● **Problem to solve**:
Output exactly, and only, the stretch of lines beginning at the line with "13in. Grey Dinosaur Accent Lamp" and ending at the last line of the listing below. Drop the pictures.

● **Records shown**:
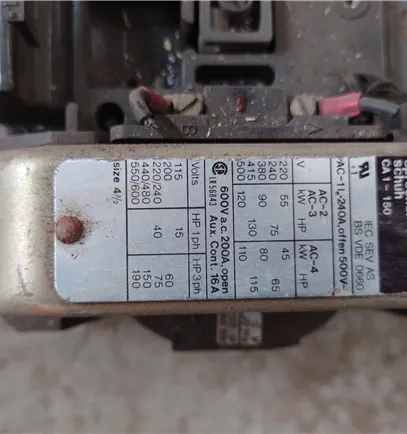 ESAB contactor Sprecher CA1-150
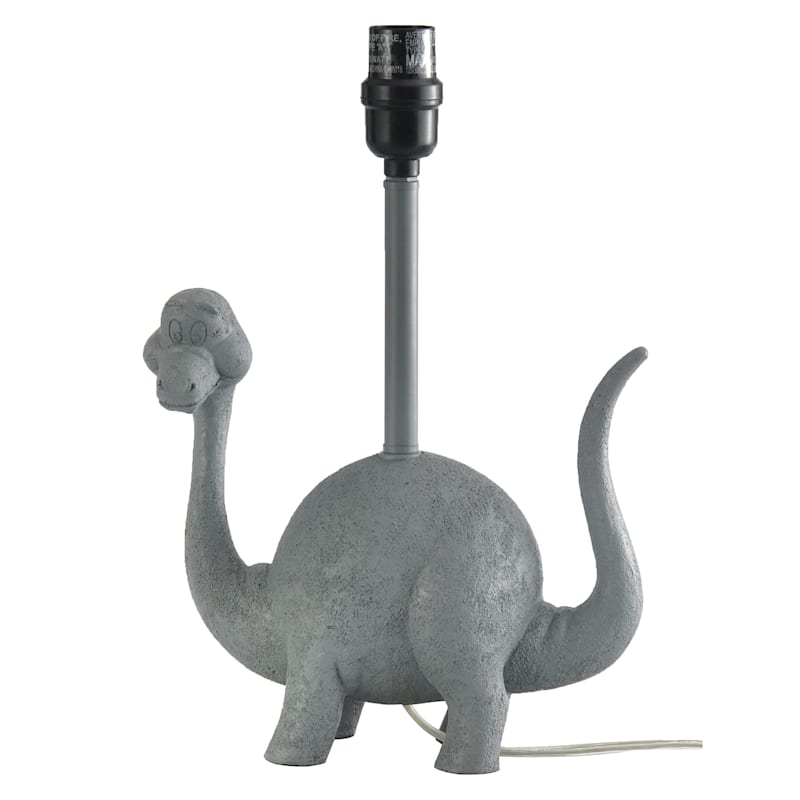 13in. Grey Dinosaur Accent Lamp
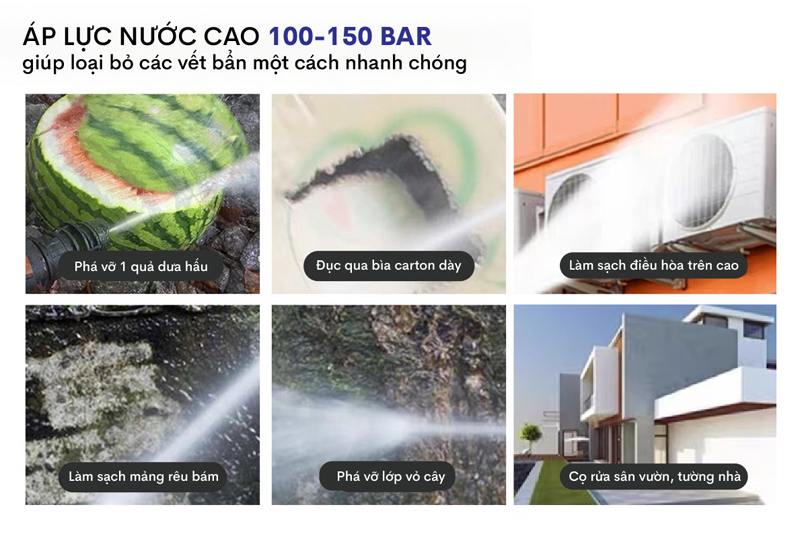 Máy rửa xe mô tơ cảm ứng từ Fujihaia PW3B - Hàng chính hãng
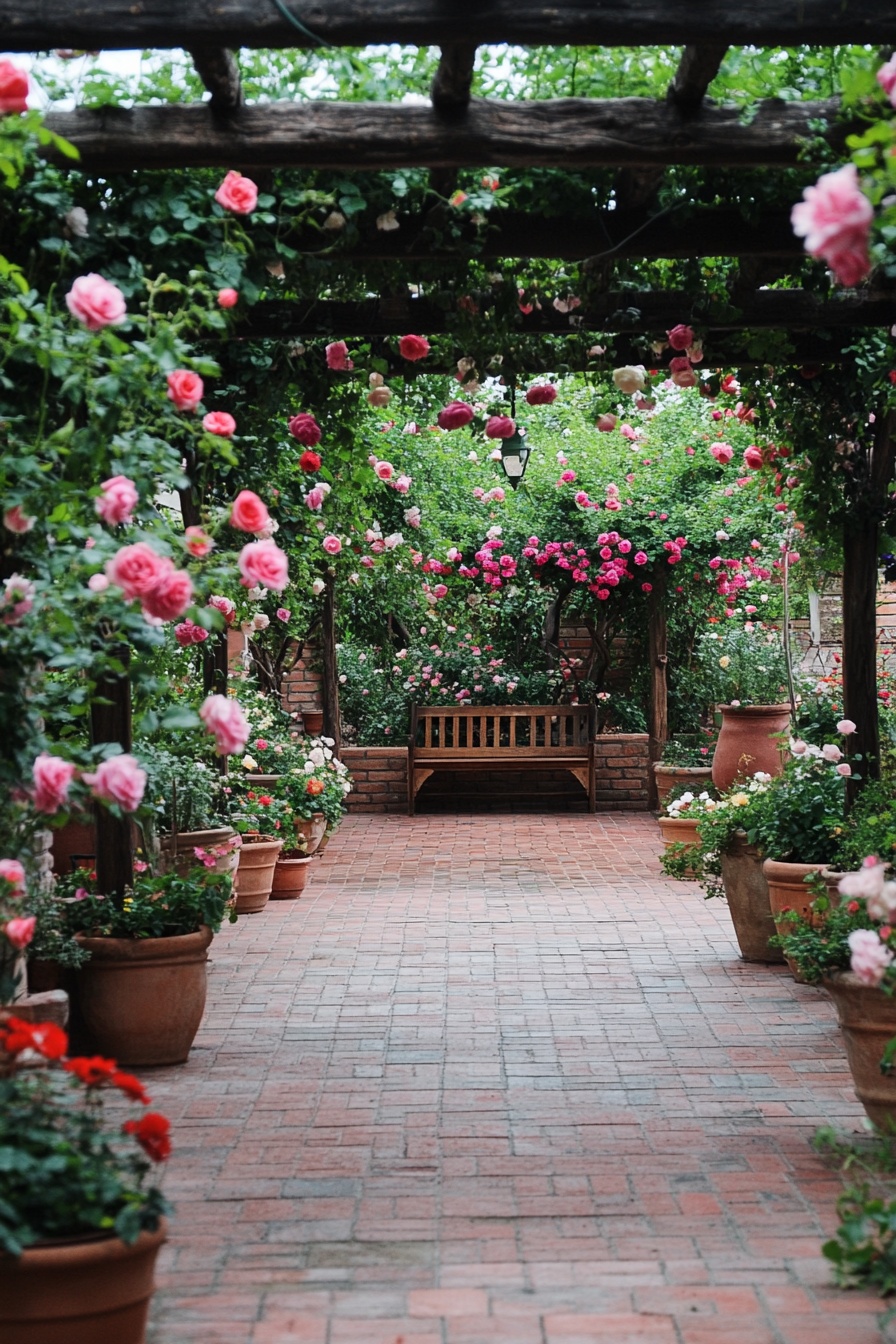 2. Create a Romantic Rose-Covered Pergola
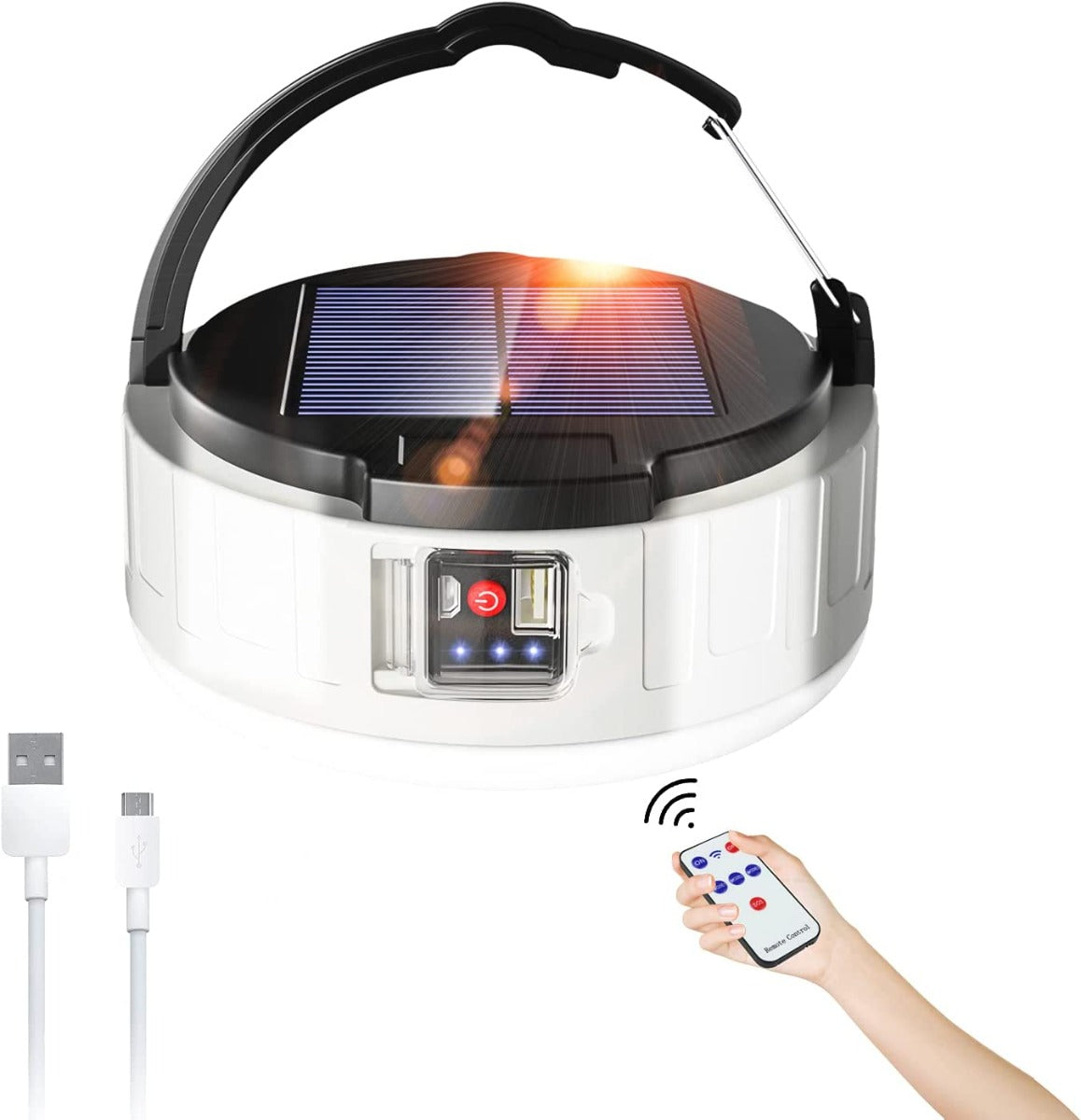 LED Camping Lantern Rechargeable with Remote,3600mAh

● **Answer to this problem**:
 13in. Grey Dinosaur Accent Lamp
 Máy rửa xe mô tơ cảm ứng từ Fujihaia PW3B - Hàng chính hãng
 2. Create a Romantic Rose-Covered Pergola
 LED Camping Lantern Rechargeable with Remote,3600mAh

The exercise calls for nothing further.